The ports of the Estonian state-owned port operator Tallinna Sadam (Port of Tallinn) handled in June 1.68 million tonnes of cargo and serviced 1,045,461 passengers.
Compared to the same period last year, the cargo volume dropped by 25% while the number of passengers was by 1.3% higher than last year.
In six months, the ports handled 4.4 million passengers which is 0.6 percent below last year’s level.
The most popular route was Tallinn-Helsinki with 0.82 million passengers, followed by Tallinn-Stockholm line with 90,369 thousand people and Tallinn-St Petersburh line with 11,773 people.
In June traditionally the biggest number of passengers travelled on the Tallinn-Helsinki route, 824,676 people; on the Tallinn-Stockholm route 90,369 people and the Tallinn-St Petersburg route 11,773 people travelled.
Cruise vessels brought 118,523 cruise tourists to Estonia in June.
In June, 59% of passengers were serviced by Tallink, 20% by Viking Line, 15% by Eckerö Line and 1% by St. Peterline. Cruise tourists formed 5% of all passengers.
In six months, 4.39 million people have used the ports, by 0.6% less than at the same time last year.
Liquid cargo was down 39 percent to 861,400 tons, dry bulk decreased 13 percent to 262,400 tons, number of containers was down 30.8 percent to 14,999 TEU. In six months, cargo handling fell 20.7 percent to 12.1 million.
Among cargo groups, the volume of mixed cargo and rolling stock rose compared to the same month last year.
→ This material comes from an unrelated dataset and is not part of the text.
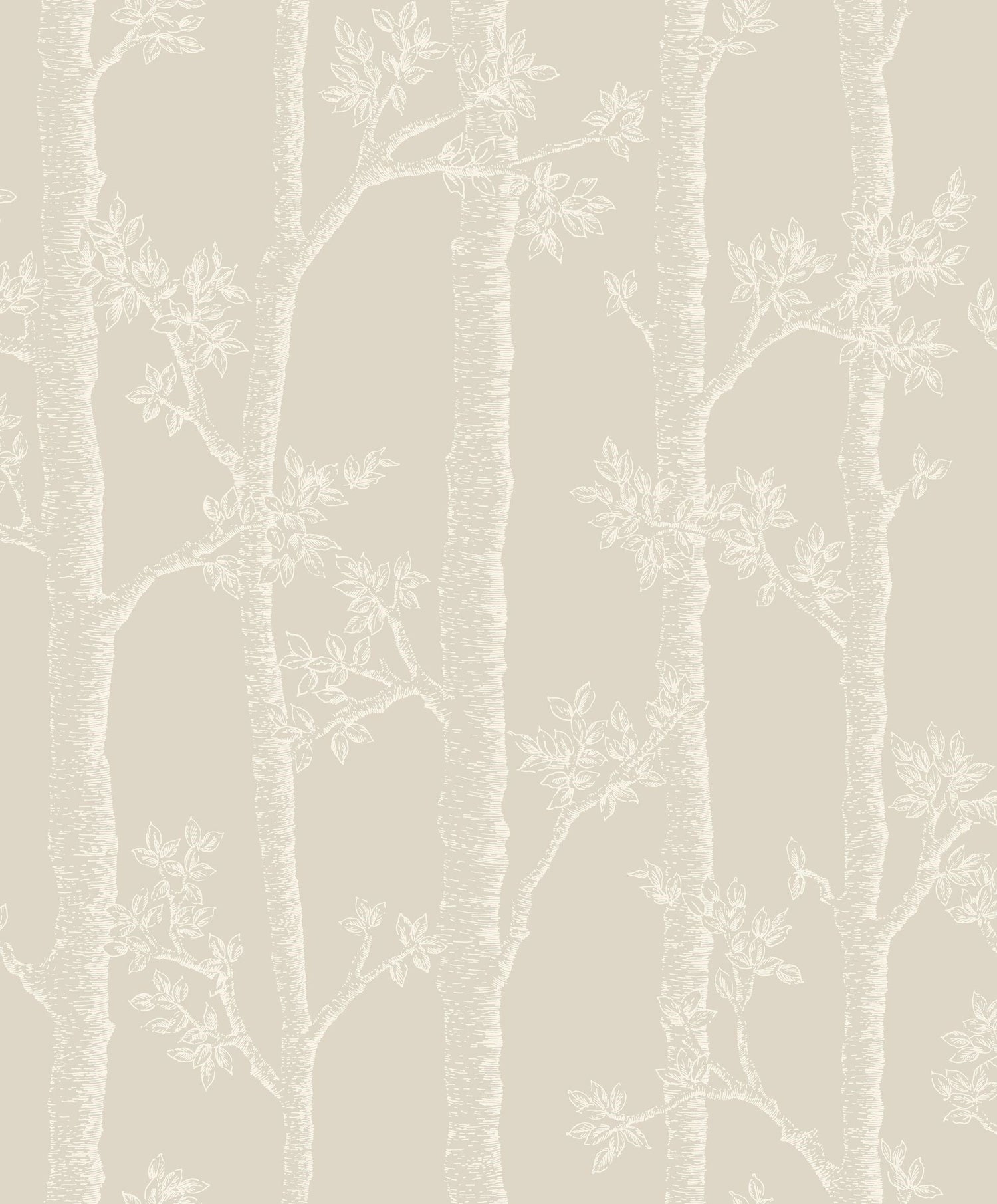 Autumn Trees Wallpaper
The ports of Tallinna Sadam handled in June 60,100 tonnes of mixed cargo and 363,200 tonnes of rolling stock, which is by 66.1% and 8.1% more than last year.
In six months of this year, the total quantity of the goods mediated was 12.08 million tonnes, a fall of 20.7% from last year.
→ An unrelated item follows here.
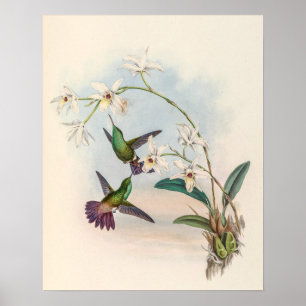Vintage kolibries door John Gould Poster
All Baltic ports together handled 65.776 million tons of cargo in the first five months of 2015, which was 4.706 million tons or 6.7 percent less than a year ago, the Latvian national statistics office reported.
Of all cargos reloaded at the Baltic ports in the first five months of this year, 48.5 percent were handled at Latvian ports, 27.7 percent at Lithuanian ports and 23.9 percent at Estonian ports.